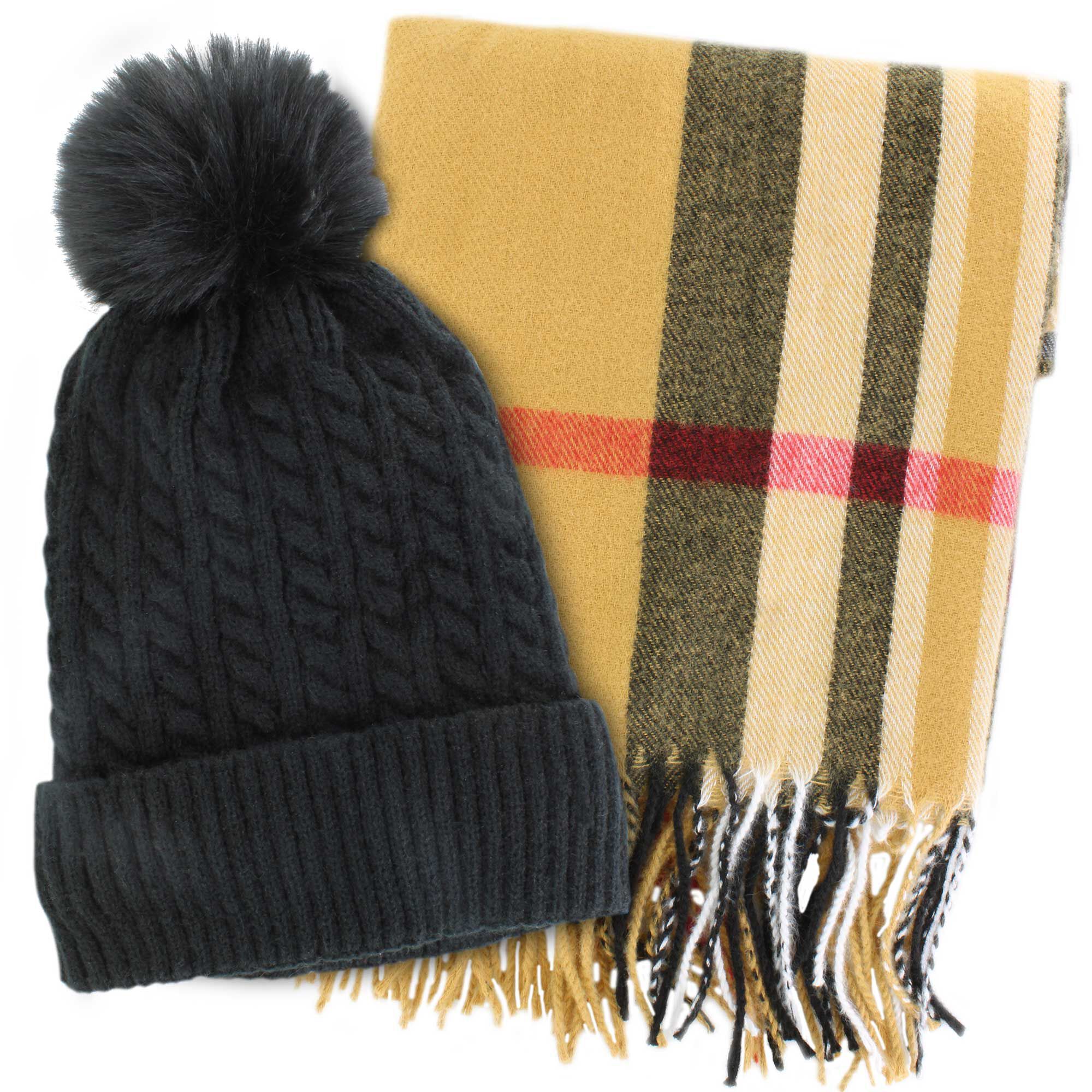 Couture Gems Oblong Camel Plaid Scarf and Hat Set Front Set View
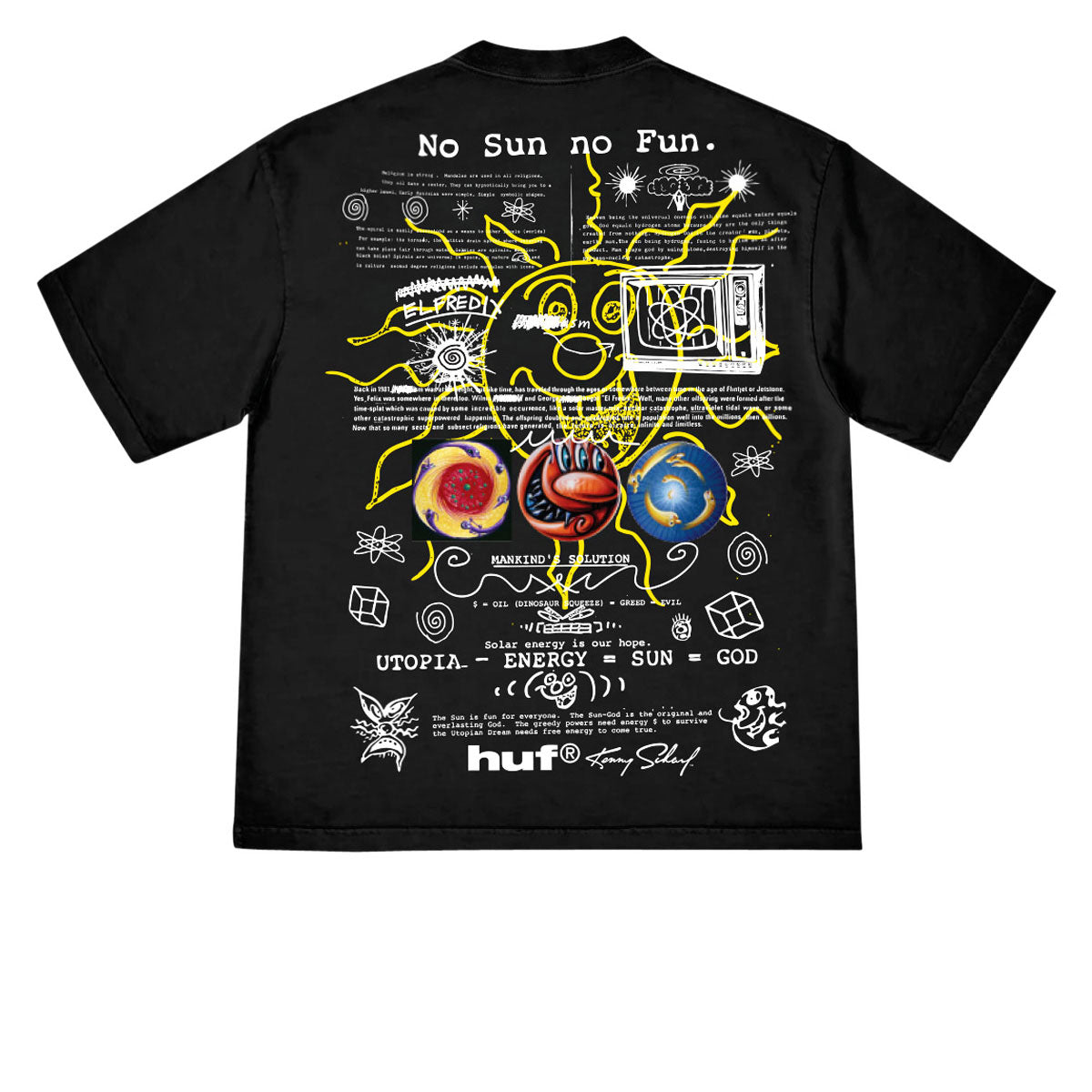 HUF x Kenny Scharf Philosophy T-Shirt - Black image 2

==

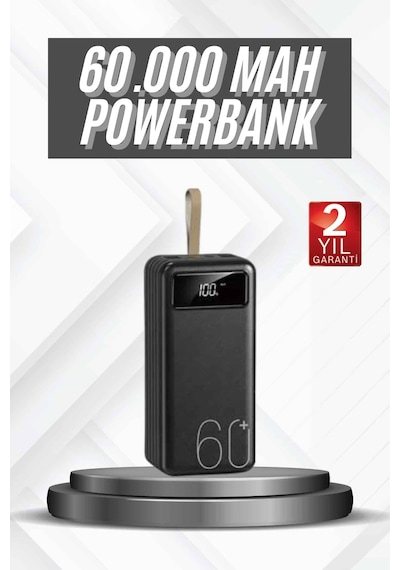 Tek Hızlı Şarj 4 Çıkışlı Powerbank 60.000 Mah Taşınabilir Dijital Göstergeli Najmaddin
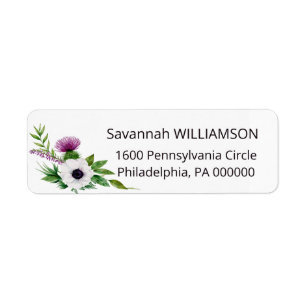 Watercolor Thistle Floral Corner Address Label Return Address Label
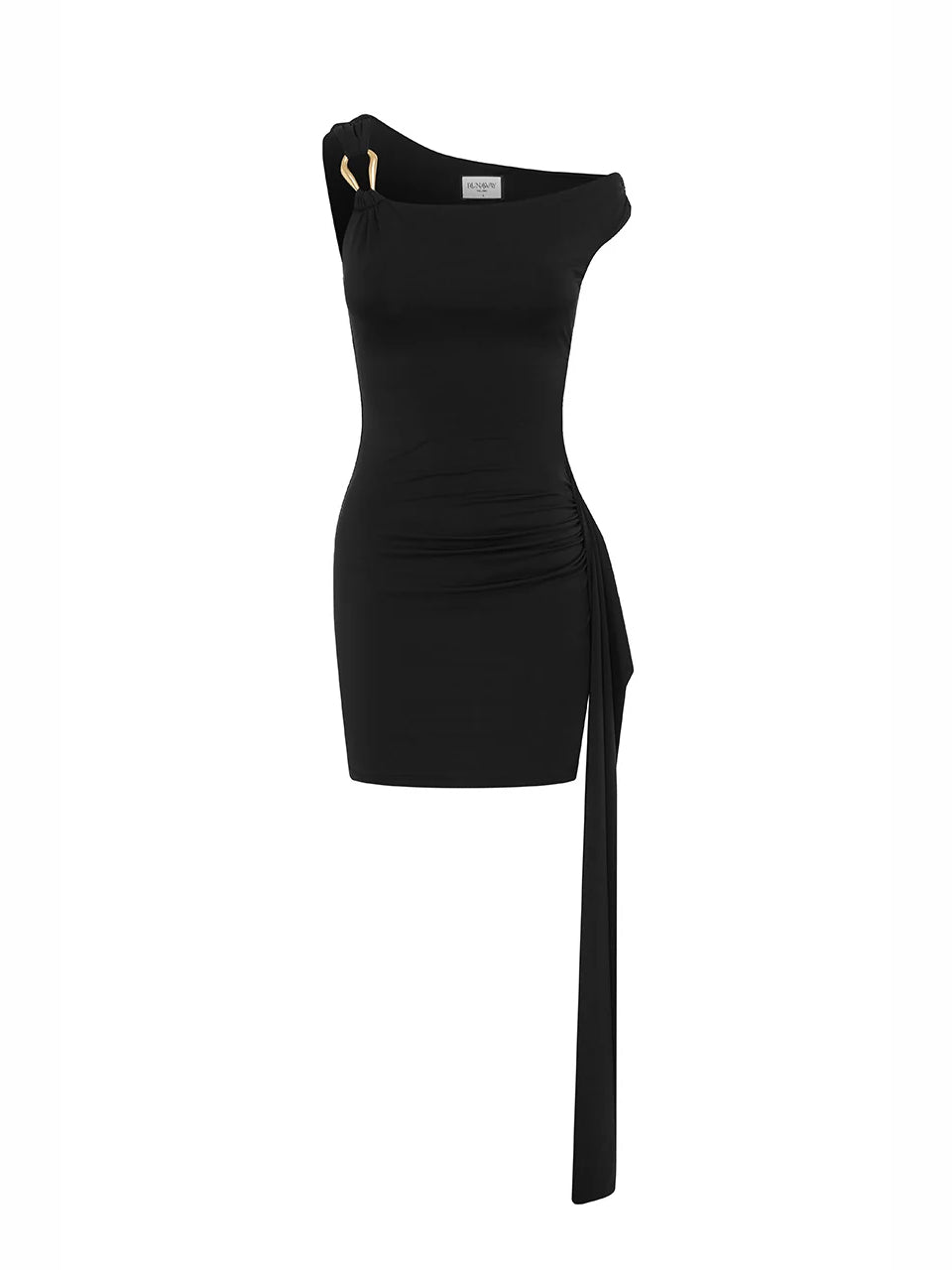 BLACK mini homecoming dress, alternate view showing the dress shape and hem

§ **Exercise**
Copy exactly the lines of the listing above between the one holding "Tek Hızlı Şarj" and the one holding "BLACK mini homecoming", inclusive; omit all pictures.

§ **Output for this task**
 Tek Hızlı Şarj 4 Çıkışlı Powerbank 60.000 Mah Taşınabilir Dijital Göstergeli Najmaddin
 Watercolor Thistle Floral Corner Address Label Return Address Label
 BLACK mini homecoming dress, alternate view showing the dress shape and hem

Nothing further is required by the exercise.